#### Dataset extract:
<<<<
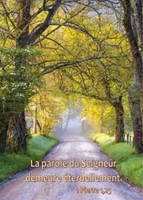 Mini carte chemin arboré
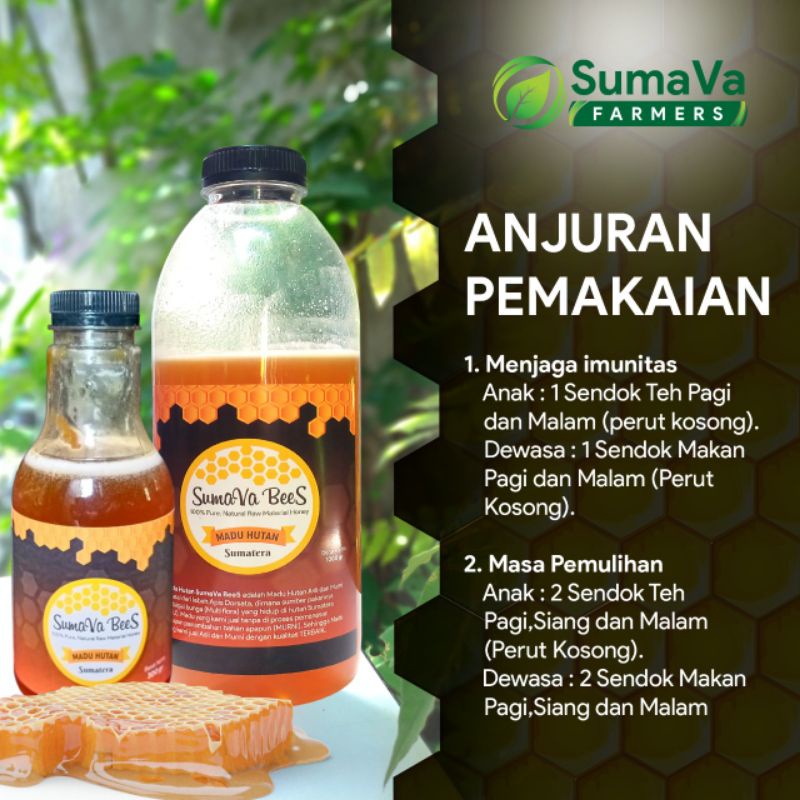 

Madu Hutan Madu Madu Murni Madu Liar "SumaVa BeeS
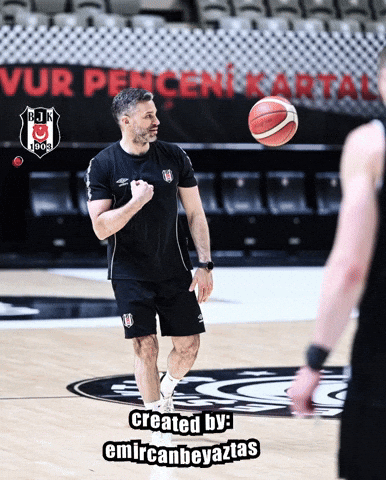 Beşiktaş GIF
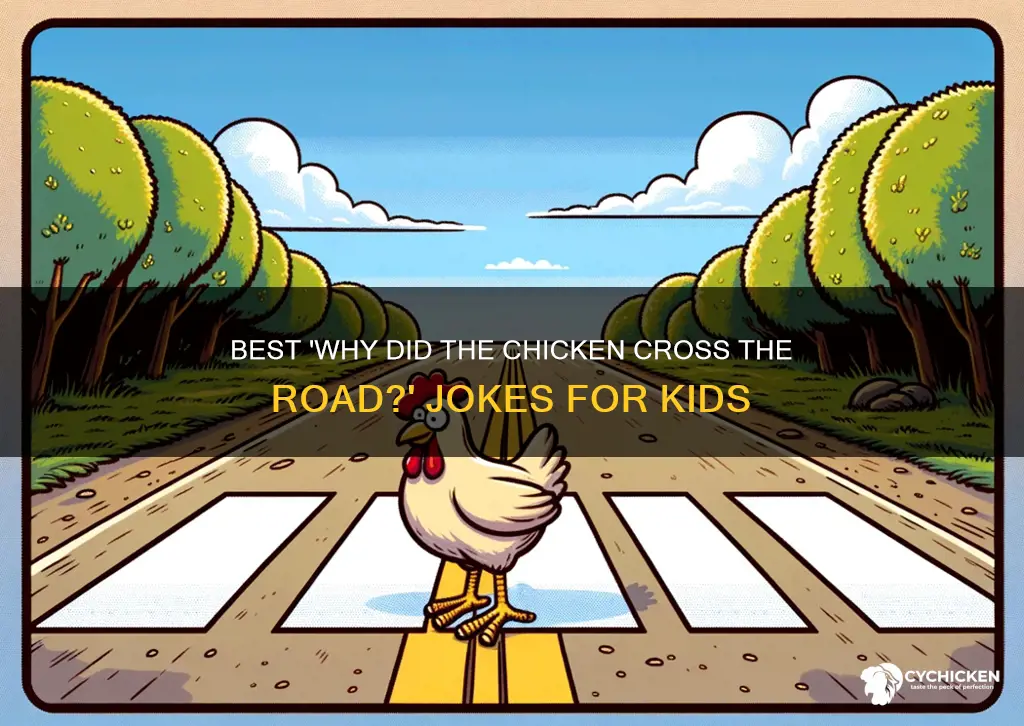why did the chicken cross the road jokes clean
>>>>
#### Task statement:
Take the line with "Madu Hutan Madu" and each line after it through the end of the material above, and reproduce them exactly, both ends included, without pictures.

#### Answer space:
Madu Hutan Madu Madu Murni Madu Liar "SumaVa BeeS
 Beşiktaş GIF
why did the chicken cross the road jokes clean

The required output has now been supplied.